Naruto era ad un tè con la morte.

 

 

 

30 Gennaio, h 22.00

 

Naruto era lungo su un letto d’ospedale, con la testa abbandonata su di un cuscino immacolato. Sasuke era accanto a lui; il corvino non aveva mai lasciato il biondo dal giorno in cui, fuori dal negozio del’indovina, questo era svenuto ed era stato ricoverato d’urgenza in ospedale.

L’Uzumaki sapeva esattamente che la sua ora stava per scadere: si rimproverava per essere stato così sciocco da non aver creduto ai poteri del ciondolo e di doverne, ora, pagare le conseguenze; tuttavia, era felice di aver potuto riavere con sé il suo teme, anche solo se per poco tempo; era felice di averci potuto passare dei momento, anche se piccoli e stupidi; era profondamente grato di averlo potuto abbracciare ancora, di poter risentire il suo profumo, la sua voce. Di poterlo riavere lì, lì. Suo.

Il biondo portò lo sguardo ad incrociare il viso stanco e rassegnato di Sasuke; lo voleva guardare ancora, per l’ultima volta; voleva stamparsi quegli occhi in testa, marchiarli a fuoco perché non si potessero cancellare mai più, per nessuna ragione.

Lo voleva guardare perché quella sarebbe stata l’ultima volta. Gli sorrise perché, poi, non avrebbe potuto farlo più. Gli strinse debolmente una mano nella sua perché non gli sarebbero state concesse altre occasioni. Lo tirò verso di sé e lo baciò, si inebriò del sapore di quelle labbra, tentò di farle sue il più possibile, per trascinarne il vivido ricordo via con sé.

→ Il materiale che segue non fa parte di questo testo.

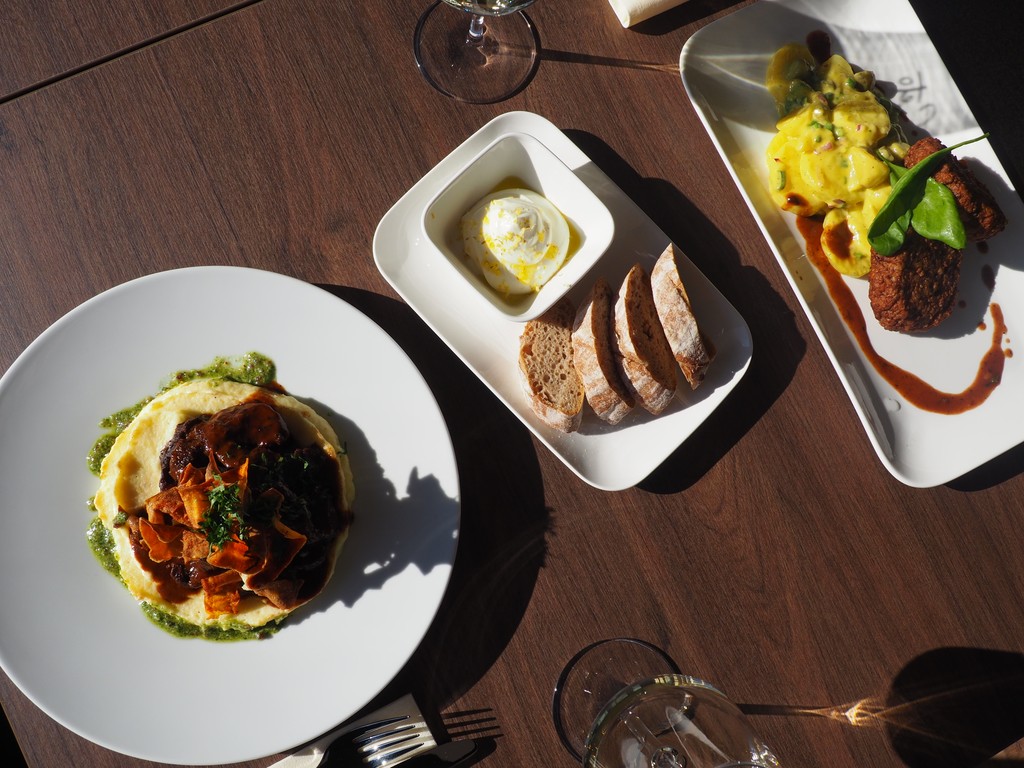 a vanilla ice cream with matcha cream served in a white plate
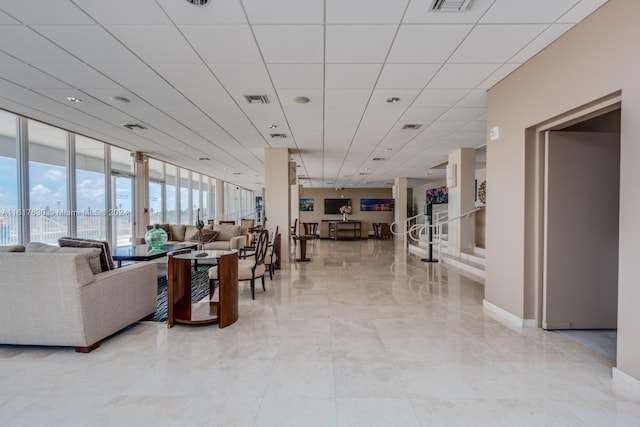 tiled living room featuring a wall of windows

Quella era l’ultima volta. L’ultima volta.

Naruto sapeva che Sasuke non doveva essere lì quando lui si sarebbe spento, eppure esitava così tanto a mandarlo via: gli sarebbe mancato. Già gli mancava.

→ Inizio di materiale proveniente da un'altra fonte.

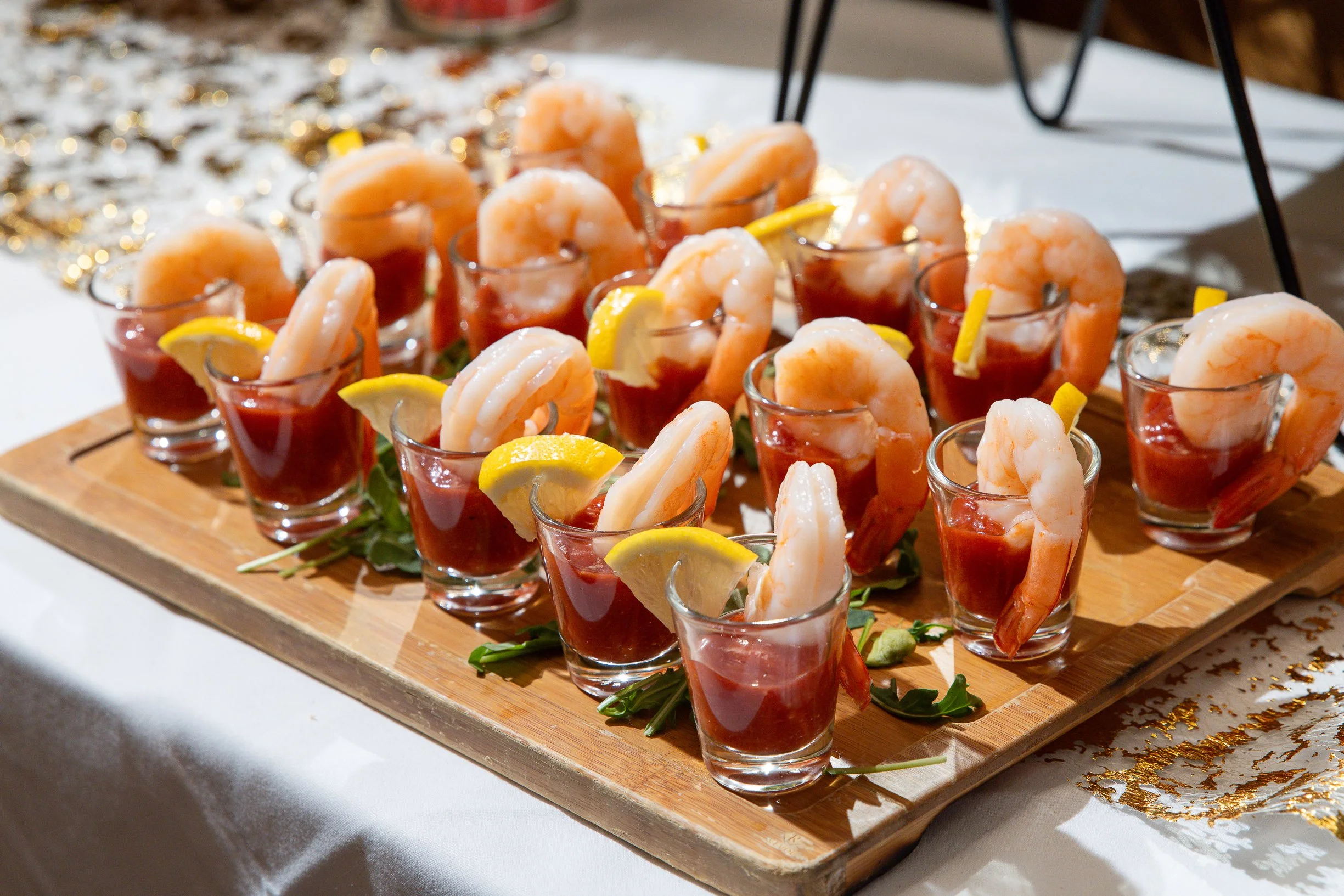 Small glass cups filled with shrimp and red sauce, garnished with lemon wedges, arranged on a wooden tray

«Vai Sasuke. Vai a casa» gli costò così tanto pronunciare quelle parole; gli fece più male della malattia che lo stava consumando.

«No, resto qui, tranquillo».

Che tetro deja-vou della morte di Sasuke si stava ripresentando in quella stanza!

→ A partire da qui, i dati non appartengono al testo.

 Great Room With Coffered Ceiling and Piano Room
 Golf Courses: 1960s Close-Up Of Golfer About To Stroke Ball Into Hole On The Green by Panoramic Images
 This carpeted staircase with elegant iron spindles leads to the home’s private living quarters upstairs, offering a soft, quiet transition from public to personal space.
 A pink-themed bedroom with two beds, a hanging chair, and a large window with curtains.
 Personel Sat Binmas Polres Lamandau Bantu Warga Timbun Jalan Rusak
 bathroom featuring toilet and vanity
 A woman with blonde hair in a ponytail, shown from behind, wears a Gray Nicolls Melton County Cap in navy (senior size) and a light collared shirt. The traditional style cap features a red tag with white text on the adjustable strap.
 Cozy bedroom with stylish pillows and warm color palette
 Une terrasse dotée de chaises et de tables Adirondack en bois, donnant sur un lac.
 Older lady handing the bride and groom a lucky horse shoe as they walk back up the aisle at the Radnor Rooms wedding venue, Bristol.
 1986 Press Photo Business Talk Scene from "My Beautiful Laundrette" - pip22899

«Non preoccuparti, Sasuke, io sto bene. Vai a casa e dormi che ne hai bisogno. Ci vediamo domani. Ti amo».

L’Uchiha fissò il biondo biecamente, poco convinto da quelle labili parole. Tuttavia, decidendo che, alla fine, lasciare un po’ solo Naruto forse l’avrebbe fatto tranquillizzare e riposare meglio, si alzò dalla sedia.

«D’accordo, dobe. Ciao».

Addio, teme”.

«Cerca di dormire e di riposarti».

Non stare troppo male per me, Sasuke, quando sarò morto”.

«A domani».

Questa sarà l’ultima volta”.

La porta della stanza si chiuse e Naruto rimase solo. Solo al suo appuntamento con la morte.

Il biondo chiuse gli occhi, il profumo di Sasuke ancora addosso. Sorrise.

Avrebbe voluto passare la sua vita accanto all’Uchiha, avrebbe voluto invecchiare al suo fianco. Non gli era stato concesso.

Ma era riuscito a riportarlo in vita. Sì, moriva col sorriso sulle labbra perché il suo sacrificio aveva permesso di riportare in vita Sasuke.

Ti amo, teme”.

La morte dovrebbe avere pietà dei giusti, dell’amore.

Non ne ebbe.

 

 

 

 

 

***

Questo capitolo giaceva incompleto nel mio pc da secoli. Ora, mi sono decisa a finire questa ff, perché mi dispiaceva lasciarla incompleta. È che scrivere questo capitolo è stata una vera e propria odissea, allora come adesso, ma l’ho finito. Sono abbastanza soddisfatta, anche se non del tutto.
Un giorno riuscirò a scrivere una SasuNaru che finisca bene. Fino ad allora, vi dovete sorbire questa depressione xD
Grazie a chi ha commentato il precedente capitolo e ha chi ha messo tra le seguite, le preferite e le ricordate.